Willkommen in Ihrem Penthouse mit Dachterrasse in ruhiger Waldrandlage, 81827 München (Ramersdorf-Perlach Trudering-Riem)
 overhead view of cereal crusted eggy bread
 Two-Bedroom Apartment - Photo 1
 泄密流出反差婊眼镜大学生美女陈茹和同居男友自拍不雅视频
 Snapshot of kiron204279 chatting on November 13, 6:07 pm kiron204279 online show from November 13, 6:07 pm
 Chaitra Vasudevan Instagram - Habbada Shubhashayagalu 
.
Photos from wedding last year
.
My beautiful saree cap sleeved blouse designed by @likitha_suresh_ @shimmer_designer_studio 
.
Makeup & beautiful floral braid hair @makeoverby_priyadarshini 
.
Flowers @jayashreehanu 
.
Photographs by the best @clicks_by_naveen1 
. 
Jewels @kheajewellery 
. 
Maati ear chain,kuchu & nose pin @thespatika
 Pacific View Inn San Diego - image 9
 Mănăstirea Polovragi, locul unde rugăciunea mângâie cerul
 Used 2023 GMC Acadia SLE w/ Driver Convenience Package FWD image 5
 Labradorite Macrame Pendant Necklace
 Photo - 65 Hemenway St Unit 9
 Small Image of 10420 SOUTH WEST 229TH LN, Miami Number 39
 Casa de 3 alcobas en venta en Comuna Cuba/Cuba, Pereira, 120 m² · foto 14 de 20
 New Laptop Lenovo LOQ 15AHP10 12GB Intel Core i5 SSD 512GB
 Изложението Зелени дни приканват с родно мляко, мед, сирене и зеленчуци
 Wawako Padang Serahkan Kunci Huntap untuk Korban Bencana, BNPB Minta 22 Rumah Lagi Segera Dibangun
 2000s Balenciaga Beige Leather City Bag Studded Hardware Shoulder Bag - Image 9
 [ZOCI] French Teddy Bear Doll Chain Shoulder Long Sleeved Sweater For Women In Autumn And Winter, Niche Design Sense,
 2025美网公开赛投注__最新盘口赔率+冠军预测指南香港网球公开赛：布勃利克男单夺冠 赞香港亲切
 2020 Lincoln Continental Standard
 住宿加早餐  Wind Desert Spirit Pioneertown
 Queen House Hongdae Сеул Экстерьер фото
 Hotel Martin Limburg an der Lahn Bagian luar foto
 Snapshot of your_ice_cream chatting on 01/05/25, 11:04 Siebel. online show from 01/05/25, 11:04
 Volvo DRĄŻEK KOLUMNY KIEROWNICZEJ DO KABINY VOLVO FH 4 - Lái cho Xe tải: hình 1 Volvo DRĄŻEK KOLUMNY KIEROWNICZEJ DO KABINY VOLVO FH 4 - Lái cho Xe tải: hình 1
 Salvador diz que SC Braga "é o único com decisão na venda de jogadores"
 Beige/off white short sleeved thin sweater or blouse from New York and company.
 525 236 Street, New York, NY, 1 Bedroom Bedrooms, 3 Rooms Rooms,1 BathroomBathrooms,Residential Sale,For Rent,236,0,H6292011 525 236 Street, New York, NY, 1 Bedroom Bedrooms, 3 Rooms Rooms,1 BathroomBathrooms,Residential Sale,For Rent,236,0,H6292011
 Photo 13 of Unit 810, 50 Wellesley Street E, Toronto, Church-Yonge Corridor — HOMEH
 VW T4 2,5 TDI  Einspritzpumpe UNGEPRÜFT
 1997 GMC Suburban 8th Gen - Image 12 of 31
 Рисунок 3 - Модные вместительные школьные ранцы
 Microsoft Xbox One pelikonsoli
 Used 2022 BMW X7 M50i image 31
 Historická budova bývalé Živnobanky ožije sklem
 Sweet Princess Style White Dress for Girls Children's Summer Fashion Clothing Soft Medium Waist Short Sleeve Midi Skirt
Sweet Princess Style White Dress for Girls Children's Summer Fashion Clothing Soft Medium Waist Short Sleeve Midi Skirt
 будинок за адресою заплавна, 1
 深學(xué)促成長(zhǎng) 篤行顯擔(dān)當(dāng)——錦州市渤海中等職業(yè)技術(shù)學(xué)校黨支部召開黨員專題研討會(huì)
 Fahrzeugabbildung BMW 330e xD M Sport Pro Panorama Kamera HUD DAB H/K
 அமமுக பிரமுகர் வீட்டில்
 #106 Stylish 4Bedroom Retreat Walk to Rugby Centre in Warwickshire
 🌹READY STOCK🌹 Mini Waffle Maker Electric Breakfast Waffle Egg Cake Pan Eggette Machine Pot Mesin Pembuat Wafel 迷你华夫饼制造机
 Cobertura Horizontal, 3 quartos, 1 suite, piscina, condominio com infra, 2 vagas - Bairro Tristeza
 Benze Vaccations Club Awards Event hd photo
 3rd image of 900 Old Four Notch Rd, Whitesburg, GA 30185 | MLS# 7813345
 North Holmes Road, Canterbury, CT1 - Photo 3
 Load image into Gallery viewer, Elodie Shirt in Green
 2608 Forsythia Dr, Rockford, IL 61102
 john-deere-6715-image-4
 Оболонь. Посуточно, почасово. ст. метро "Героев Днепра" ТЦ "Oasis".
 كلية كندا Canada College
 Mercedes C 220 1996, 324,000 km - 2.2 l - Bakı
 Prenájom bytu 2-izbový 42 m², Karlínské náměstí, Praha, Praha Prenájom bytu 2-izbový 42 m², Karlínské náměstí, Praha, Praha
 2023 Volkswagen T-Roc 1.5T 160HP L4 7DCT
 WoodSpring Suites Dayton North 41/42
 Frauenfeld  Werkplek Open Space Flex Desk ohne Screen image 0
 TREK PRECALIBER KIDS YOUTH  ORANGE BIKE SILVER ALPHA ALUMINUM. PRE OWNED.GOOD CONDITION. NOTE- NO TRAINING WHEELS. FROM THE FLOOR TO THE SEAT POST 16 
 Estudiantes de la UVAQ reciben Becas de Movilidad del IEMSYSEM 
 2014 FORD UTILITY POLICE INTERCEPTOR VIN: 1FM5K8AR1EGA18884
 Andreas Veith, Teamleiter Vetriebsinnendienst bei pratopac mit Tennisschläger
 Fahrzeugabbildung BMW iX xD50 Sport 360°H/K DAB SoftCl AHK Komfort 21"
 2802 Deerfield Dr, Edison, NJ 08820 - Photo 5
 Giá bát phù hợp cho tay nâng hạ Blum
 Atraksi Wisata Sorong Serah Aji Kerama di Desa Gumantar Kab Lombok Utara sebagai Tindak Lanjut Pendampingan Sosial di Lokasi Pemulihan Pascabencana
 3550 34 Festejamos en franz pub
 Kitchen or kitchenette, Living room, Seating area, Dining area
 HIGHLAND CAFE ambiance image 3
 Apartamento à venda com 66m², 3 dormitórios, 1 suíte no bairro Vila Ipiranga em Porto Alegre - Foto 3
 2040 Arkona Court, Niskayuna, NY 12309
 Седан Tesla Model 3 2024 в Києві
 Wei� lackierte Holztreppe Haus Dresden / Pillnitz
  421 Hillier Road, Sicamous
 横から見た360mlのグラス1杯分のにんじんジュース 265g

━━━━━━━━

= THE PROBLEM =
Please output, exactly, the lines of the listing from the one containing "3550 34 Festejamos en franz pub" through the last, inclusive, and no other lines.

= RESULT FOR THIS EXERCISE =
 3550 34 Festejamos en franz pub
 Kitchen or kitchenette, Living room, Seating area, Dining area
 HIGHLAND CAFE ambiance image 3
 Apartamento à venda com 66m², 3 dormitórios, 1 suíte no bairro Vila Ipiranga em Porto Alegre - Foto 3
 2040 Arkona Court, Niskayuna, NY 12309
 Седан Tesla Model 3 2024 в Києві
 Wei� lackierte Holztreppe Haus Dresden / Pillnitz
  421 Hillier Road, Sicamous
 横から見た360mlのグラス1杯分のにんじんジュース 265g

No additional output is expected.